Currie Museum curator and the Philip J. Currie professor of paleontology at the University of Alberta Corwin Sullivan says they have been finding some interesting things.

“The Spring Creek Bone Bed is a site that producers duck-bill dinosaurs and these are what we call disarticulated bones, so bones that aren’t connected to each other but occur separately. (The bones are from) a juvenile individual of some kind of duck-bill.”

He adds they are trying to find out what kind of dinosaur this is and how these animals died.

“”It really looks like a group of juvenile duck-bills was overcome by some kind of catastrophe. We don’t know exactly what happened. We’re finding their remains. The bones are beautifully preserved, so we’re just trying to dig through the site to get a large enough sample of bones to identify exactly what kind of duck-bill we have and perhaps infer what happened at that site.”

Sullivan says the DC site is different from the Spring Creek one as it includes a variety of species.
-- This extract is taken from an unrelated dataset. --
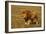 African Lion Stalking-null-Framed Photographic Print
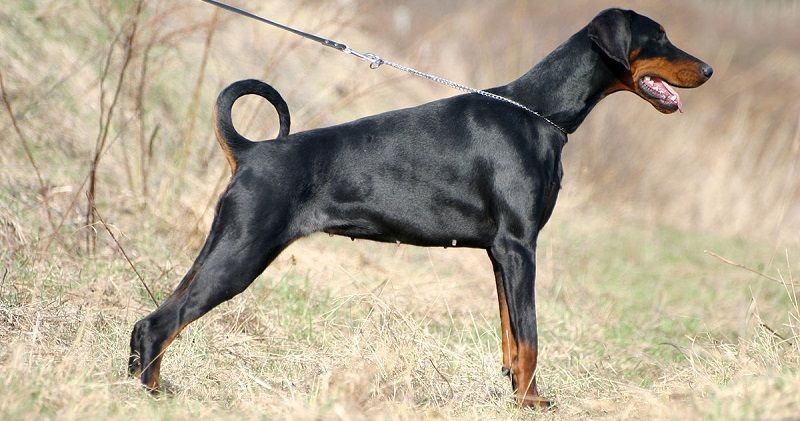 Доберман – порода собак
“We’re getting small dinosaurs, we’re getting turtles, we’re getting these sort of crocodile-like reptiles called Champsosaurs, we’re getting some fish, and we even have a mammal tooth. The significance of that kind of site is that it’s allowing us to put together a pretty good list of what kind of animals were running around the Grande Prairie area in a particular slice of the late Cretaceous.”

Sullivan says the research workers are about half-way through their summer season.